As Figure 3 illustrates, one cannot suppose that the structure of subjects' paths will neatly align with the intrinsic static structure of the web site being traversed. Basing the organization of the graph on the inherent web site topology is good for seeing what parts of the web site are being heavily visited or avoided.

However, we found that the inherent topologies of the paths are also informative for discovering similarities and differences among subjects' navigation styles. Our force-directed graph layout algorithm depends only on whether pairs of nodes are adjacent (directly connected) or not. Therefore VISVIP lets the UE dynamically choose whether adjacency for a pair of nodes means "connected by a static link" as described so far, or "a displayed subject path jumps directly from one to the other". Paths that looked complicated when laid out directly over a web site often revealed a much simpler structure when laid out according to their own topology (see Figure 5). Indeed, our preliminary inspection seemed to show certain distinct patterns of activity by various subjects: some do very little backtracking; others seem to circle around; others keep returning to an anchor page, perhaps for orientation.

Figure 5. Natural topology of a path

4. Implementation

We used the free software Linklint [4] to determine the static structure of the web site. We then developed some PERL scripts to merge Linklint's analysis with the output of WebVIP (e.g. to resolve URLs), resulting in a clean set of files for VISVIP, two representing the web site per se (one for the nodes, the other for the edges), and one for each subject path to be depicted.

The visualization itself appears in a window managed by OpenGL. There is also a control menu, managed by Tcl/Tk, that presents the many non-spatial operations provided by VISVIP (see Figure 6). These two processes communicate via Xwindows [6]. The Tcl/Tk process sends X events to the OpenGL window. This allows the OpenGL process to be structured as a simple event-handling loop; those events may originate from Tcl/Tk or directly from a user action, such as a mouse-click.

Figure 6. VISVIP Control menu

Although VISVIP can work with a mouse as the only input device, the preferred interaction method is to use a spaceball to control the position of the entire display (3D pan and zoom), and the mouse to pick out entities within the display for various operations. If no spaceball is available, the mouse must be toggled between move mode and pick mode to achieve both of these functions.

VISVIP is currently running on SGI and HP platforms and should be easily portable to most UNIX systems as long as they support Xwindows. The current distribution is available at: ftp://ftp.nist.gov/pub/itl/div894/vvrg/visvip.

5. Conclusion

We believe that more formal usability engineering will play an increasingly important role in the design of sites as the use of the web becomes more pervasive. While there is an irreducibly creative aspect to good usability design, web site developers will come to rely on commonly accepted methods of testing and evaluation.

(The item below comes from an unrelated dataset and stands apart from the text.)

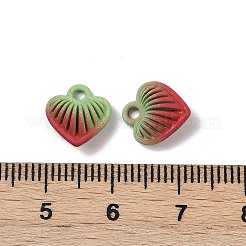 Spray Painted Alloy Pendants&nbsp;PALLOY-S038-15D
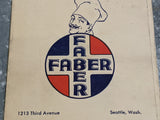 1947 Faber's Restaurant Southern Barbecue Seattle Washington OPA War Ration Menu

These methods must be supported by appropriate tools to provide measurement and insight. In particular, visualization of user activity, such as that provided by VISVIP, should be one of the principal tools at the disposal of web site designers.

Acknowledgments

We thank Dr. Sharon Laskowski for her helpful comments and suggestions during the design of VISVIP, and Paul Hsiao for developing WebVIP.

6. References

  1. E.H. Chi, J. Pitkow, J. Mackinlay, P.Pirolli, R. Gossweiler, S.K. Card, "Visualizing the Evolution of Web Ecologies", CHI 98 Conference Proceedings, Los Angeles CA, April 1998.
  2. M.P. Etgen, J. Cantor, "What does getting WET (Web Event-logging Tool) Mean for Web Usability?", Proceedings of the 5th Conference on Human Factors and the Web, Gaithersburg, MD, June 1999.
  3. E. Frecon, G. Smith, "WebPath - A Three Dimensional Web History", Proceedings: IEEE Symposium on Information Visualization, Research Triangle Park, NC, October 1998.
  4. Linklint: http://www.goldwarp.com/bowlin/linklint/
  5. NIST WebMetrics: http://zing.ncsl.nist.gov/~webmet/ and http://zing.ncsl.nist.gov/~cugini/webmet/visvip/pix.html
  6. Nye, A., Xlib Reference Manual, O'Reilly & Associates, 1993.
  7. A. Wexelblat, P. Maes, "Footprints: History-Rich Tools for Information Foraging", CHI 99 Conference Proceedings, Pittsburgh PA, May 1999.